▶ _MATERIALS PROVIDED_
---
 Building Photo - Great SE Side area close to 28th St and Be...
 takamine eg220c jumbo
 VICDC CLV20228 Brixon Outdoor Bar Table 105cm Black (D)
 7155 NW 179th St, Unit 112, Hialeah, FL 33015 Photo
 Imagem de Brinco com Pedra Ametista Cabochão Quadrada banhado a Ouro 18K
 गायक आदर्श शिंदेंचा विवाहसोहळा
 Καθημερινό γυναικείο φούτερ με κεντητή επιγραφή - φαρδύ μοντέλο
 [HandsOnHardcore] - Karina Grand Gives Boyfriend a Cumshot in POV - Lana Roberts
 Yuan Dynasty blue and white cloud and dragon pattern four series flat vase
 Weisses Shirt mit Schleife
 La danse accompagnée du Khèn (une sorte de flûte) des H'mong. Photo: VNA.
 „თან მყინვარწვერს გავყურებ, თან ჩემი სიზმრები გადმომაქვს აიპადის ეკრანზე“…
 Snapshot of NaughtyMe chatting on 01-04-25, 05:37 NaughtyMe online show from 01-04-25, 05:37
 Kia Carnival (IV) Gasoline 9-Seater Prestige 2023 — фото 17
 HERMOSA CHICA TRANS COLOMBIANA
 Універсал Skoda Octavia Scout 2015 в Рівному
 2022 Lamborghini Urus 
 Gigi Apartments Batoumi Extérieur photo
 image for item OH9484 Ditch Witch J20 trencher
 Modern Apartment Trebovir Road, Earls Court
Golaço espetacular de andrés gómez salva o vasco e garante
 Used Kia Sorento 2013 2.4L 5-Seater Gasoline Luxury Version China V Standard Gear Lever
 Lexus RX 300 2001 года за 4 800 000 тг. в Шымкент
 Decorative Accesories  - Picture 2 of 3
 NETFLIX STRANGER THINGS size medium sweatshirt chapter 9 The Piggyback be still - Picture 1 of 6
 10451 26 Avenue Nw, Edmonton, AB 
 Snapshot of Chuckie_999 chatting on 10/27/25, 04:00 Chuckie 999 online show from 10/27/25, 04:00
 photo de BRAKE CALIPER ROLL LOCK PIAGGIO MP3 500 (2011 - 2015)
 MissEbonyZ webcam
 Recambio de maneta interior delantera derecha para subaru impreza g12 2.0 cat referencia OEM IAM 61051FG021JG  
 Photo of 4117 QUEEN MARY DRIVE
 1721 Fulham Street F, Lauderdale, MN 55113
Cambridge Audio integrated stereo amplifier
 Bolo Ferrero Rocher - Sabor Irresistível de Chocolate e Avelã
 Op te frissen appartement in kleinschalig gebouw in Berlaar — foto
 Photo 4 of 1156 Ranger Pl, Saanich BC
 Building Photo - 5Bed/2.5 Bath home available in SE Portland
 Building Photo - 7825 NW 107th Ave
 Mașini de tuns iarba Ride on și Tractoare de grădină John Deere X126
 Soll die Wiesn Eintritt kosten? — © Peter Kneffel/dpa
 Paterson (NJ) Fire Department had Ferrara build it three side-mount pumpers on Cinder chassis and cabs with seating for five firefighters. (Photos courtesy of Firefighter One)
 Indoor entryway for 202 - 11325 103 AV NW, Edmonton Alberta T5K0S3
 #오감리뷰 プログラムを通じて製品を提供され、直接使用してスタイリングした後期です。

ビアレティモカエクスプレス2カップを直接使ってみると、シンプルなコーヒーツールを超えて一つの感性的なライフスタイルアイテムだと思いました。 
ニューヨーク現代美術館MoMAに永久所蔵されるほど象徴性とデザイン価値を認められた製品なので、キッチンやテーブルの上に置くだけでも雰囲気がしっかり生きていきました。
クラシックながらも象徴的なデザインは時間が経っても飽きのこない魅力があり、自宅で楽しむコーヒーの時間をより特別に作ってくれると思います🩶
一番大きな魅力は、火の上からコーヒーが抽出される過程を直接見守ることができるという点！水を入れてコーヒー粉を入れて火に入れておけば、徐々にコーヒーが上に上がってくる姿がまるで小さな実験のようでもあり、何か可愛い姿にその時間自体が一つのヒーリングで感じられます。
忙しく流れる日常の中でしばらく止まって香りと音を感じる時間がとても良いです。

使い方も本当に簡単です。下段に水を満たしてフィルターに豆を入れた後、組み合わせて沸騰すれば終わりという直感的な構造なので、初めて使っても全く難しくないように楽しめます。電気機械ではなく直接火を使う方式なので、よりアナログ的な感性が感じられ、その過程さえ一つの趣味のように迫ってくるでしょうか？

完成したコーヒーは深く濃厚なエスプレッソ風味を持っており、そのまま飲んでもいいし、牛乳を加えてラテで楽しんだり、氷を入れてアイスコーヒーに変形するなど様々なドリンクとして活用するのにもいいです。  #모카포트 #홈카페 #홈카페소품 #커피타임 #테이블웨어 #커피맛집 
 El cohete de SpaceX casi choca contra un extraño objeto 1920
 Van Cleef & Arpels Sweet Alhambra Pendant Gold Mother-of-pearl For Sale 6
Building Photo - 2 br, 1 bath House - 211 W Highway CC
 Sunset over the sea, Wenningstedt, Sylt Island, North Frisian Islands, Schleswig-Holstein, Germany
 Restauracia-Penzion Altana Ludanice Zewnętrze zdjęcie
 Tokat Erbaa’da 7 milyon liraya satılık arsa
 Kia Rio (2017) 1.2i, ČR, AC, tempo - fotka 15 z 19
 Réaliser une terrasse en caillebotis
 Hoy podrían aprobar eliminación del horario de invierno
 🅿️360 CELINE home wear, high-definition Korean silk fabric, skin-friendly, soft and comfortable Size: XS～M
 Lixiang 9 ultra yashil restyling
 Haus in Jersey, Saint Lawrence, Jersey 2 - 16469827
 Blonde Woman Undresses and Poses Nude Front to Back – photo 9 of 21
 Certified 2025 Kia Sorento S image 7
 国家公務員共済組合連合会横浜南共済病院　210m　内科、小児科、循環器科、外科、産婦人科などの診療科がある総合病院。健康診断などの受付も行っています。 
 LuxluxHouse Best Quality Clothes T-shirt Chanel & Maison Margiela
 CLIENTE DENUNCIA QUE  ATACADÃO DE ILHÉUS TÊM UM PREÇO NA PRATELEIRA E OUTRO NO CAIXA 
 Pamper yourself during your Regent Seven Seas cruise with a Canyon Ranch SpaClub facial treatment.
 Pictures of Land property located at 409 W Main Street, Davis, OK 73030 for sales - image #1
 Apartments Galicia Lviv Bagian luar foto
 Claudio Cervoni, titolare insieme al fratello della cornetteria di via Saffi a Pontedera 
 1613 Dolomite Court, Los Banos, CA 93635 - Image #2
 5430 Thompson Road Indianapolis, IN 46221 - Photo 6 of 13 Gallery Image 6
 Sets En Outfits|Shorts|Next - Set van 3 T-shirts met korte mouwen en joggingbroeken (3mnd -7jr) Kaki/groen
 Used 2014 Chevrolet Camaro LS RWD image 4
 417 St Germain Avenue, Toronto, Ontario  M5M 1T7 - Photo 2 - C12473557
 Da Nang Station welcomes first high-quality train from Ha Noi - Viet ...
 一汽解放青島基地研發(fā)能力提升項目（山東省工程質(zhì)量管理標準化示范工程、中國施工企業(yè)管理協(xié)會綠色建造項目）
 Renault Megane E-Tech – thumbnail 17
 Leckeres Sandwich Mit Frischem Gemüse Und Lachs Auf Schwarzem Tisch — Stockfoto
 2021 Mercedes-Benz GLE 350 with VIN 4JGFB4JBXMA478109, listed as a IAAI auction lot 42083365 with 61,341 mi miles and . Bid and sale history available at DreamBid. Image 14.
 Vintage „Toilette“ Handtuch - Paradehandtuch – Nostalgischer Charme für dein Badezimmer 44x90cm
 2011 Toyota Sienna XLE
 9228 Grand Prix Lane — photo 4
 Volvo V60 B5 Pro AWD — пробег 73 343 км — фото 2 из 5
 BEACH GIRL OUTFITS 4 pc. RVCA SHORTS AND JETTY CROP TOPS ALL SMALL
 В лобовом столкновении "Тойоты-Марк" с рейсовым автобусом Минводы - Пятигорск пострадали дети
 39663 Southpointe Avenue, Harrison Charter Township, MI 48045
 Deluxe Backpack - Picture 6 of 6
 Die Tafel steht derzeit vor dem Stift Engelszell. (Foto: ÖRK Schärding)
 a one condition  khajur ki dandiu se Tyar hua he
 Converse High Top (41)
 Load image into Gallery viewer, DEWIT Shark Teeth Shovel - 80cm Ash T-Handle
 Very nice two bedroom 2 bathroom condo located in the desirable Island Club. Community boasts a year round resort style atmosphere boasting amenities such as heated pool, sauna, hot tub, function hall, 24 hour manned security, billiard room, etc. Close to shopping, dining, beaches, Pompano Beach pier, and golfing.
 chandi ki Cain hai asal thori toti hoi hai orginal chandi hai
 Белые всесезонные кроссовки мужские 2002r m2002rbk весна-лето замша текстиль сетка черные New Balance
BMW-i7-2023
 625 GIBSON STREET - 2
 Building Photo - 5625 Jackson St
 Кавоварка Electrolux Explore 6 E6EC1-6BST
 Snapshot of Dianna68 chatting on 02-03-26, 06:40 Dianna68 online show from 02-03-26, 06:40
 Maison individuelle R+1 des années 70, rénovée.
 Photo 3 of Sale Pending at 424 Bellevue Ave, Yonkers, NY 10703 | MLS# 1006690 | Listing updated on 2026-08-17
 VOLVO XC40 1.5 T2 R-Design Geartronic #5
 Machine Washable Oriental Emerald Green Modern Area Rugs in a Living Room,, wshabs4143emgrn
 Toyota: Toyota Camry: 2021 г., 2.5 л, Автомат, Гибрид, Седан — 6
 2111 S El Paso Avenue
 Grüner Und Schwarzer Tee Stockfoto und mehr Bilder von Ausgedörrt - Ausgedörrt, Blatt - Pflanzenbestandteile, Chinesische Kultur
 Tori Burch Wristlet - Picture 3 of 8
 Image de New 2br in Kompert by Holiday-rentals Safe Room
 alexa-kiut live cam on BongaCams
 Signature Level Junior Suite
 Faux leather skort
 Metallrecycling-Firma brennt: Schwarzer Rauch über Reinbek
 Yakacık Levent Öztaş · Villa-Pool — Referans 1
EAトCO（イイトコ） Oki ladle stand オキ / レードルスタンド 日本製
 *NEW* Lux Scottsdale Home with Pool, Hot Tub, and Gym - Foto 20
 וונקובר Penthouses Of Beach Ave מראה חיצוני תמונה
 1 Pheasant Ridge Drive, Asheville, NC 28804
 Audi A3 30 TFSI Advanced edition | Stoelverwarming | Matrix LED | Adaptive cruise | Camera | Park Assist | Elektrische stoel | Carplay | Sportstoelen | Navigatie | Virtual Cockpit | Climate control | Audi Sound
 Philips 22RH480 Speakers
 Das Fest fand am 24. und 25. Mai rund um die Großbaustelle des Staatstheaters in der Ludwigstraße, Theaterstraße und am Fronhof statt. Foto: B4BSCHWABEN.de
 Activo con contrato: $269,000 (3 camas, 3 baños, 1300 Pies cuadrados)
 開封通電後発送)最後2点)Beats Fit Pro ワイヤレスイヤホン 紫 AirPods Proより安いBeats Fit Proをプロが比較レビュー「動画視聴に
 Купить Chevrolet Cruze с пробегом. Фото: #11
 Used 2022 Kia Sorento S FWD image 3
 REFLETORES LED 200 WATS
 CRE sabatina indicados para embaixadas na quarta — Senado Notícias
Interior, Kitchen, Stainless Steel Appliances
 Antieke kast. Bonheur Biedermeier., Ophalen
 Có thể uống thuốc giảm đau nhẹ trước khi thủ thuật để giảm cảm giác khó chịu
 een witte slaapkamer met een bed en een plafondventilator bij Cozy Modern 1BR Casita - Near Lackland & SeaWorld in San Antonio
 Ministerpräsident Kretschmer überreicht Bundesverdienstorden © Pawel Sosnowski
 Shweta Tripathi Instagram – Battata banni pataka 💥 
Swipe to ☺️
---
▶ _DIRECTIONS_
The stretch of entries above that starts with the line containing "BEACH GIRL OUTFITS" and goes on through the line containing "Load image into" is to be transcribed exactly, and no other line is to be transcribed.

▶ _SOLUTION BELOW_
 BEACH GIRL OUTFITS 4 pc. RVCA SHORTS AND JETTY CROP TOPS ALL SMALL
 В лобовом столкновении "Тойоты-Марк" с рейсовым автобусом Минводы - Пятигорск пострадали дети
 39663 Southpointe Avenue, Harrison Charter Township, MI 48045
 Deluxe Backpack - Picture 6 of 6
 Die Tafel steht derzeit vor dem Stift Engelszell. (Foto: ÖRK Schärding)
 a one condition  khajur ki dandiu se Tyar hua he
 Converse High Top (41)
 Load image into Gallery viewer, DEWIT Shark Teeth Shovel - 80cm Ash T-Handle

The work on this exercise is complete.